A piano roll is a music storage medium used to operate a player piano, piano player or reproducing piano. Piano rolls, like other music rolls, are continuous rolls of paper with holes punched into them. These perforations represent note control data. The roll moves over a reading system known as a tracker bar; the playing cycle for each musical note is triggered when a perforation crosses the bar.
Piano rolls have been in continuous production since at least 1896, [1] [2] and are still being manufactured today; QRS Music offers 45,000 titles with "new titles being added on a regular basis", [3] although they are no longer mass-produced. MIDI files have generally supplanted piano rolls in storing and playing back performance data, accomplishing digitally and electronically what piano rolls do mechanically. MIDI editing software often features the ability to represent the music graphically as a piano roll.
The first paper rolls were used commercially by Welte & Sons in their orchestrions beginning in 1883. [4]
A rollography is a listing of piano rolls, especially made by a single performer, analogous to a discography. [5] [ full citation needed ]
The Musical Museum in Brentford, London, England houses one of the world's largest collections of piano rolls, with over 20,000 rolls as well as an extensive collection of instruments which may be seen and heard.

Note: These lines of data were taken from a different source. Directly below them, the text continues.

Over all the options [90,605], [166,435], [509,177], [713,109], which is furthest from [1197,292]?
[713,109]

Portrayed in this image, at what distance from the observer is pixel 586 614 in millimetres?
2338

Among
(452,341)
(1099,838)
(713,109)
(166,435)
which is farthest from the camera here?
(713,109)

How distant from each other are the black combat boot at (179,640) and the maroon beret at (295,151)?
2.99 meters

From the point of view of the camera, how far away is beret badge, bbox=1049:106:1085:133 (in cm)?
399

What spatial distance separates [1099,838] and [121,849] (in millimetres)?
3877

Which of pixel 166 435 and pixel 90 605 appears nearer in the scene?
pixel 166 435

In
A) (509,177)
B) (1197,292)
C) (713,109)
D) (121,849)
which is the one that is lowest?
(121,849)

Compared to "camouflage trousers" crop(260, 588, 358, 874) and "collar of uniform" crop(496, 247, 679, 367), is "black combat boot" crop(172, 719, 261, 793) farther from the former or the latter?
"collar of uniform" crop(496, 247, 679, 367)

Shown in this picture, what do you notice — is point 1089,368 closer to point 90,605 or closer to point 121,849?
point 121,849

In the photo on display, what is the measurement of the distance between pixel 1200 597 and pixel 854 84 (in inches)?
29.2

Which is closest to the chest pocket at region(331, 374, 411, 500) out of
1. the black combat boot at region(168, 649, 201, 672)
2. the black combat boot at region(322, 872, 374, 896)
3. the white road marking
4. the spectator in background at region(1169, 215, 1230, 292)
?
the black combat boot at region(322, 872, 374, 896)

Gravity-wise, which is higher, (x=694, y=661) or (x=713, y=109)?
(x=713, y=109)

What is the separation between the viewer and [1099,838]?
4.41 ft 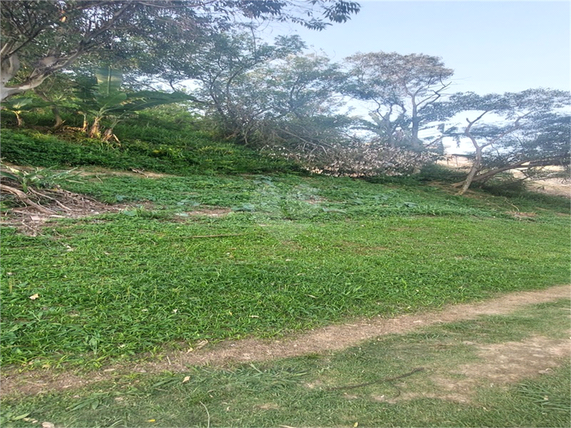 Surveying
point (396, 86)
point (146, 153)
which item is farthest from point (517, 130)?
point (146, 153)

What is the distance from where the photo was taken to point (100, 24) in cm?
414

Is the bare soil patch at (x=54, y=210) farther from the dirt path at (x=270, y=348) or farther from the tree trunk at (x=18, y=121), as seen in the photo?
the tree trunk at (x=18, y=121)

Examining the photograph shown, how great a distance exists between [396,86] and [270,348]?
896 cm

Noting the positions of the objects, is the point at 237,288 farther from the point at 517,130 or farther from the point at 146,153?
the point at 517,130

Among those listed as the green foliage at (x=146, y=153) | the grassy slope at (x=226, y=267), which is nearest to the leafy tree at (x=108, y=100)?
the green foliage at (x=146, y=153)

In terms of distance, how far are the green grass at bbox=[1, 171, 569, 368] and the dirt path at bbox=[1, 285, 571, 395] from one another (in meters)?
0.09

In the early years of player pianos, piano rolls were produced in varying dimensions and formats. Most rolls used one of three musical scales. The 65-note format, with a playing range of A1 to C♯7, was introduced in 1896 in the United States, specifically for piano music. In 1900, an American format playing all 88 notes of the standard piano scale (A0 to C8) was introduced. In 1902, a German 72-note scale (F1, G1 to E7) was introduced.
On December 10, 1908, a group representing most of the largest U.S. manufacturers of player pianos gathered in Buffalo, New York, to try to agree on some standards. [6] The group settled on a width of 11+1⁄4 inches (286 mm) and perforation standards for 65-note rolls of 6 holes to the inch, and for 88-note rolls of 9 holes to the inch. That left margins at both ends for future developments. Any pianos built to those standards could play rolls made to them, albeit sometimes with a loss of special functionality. The formats became a loose world standard.
Metronomic or arranged rolls are rolls produced by positioning the music slots without real-time input from a performing musician. The music, when played back, is typically purely metronomical. Metronomically arranged music rolls are deliberately left metronomic so as to enable a player-pianist to create their own musical performance (such as varying the dynamics, tempo, and phrasing) via the hand controls that are a feature of all player pianos.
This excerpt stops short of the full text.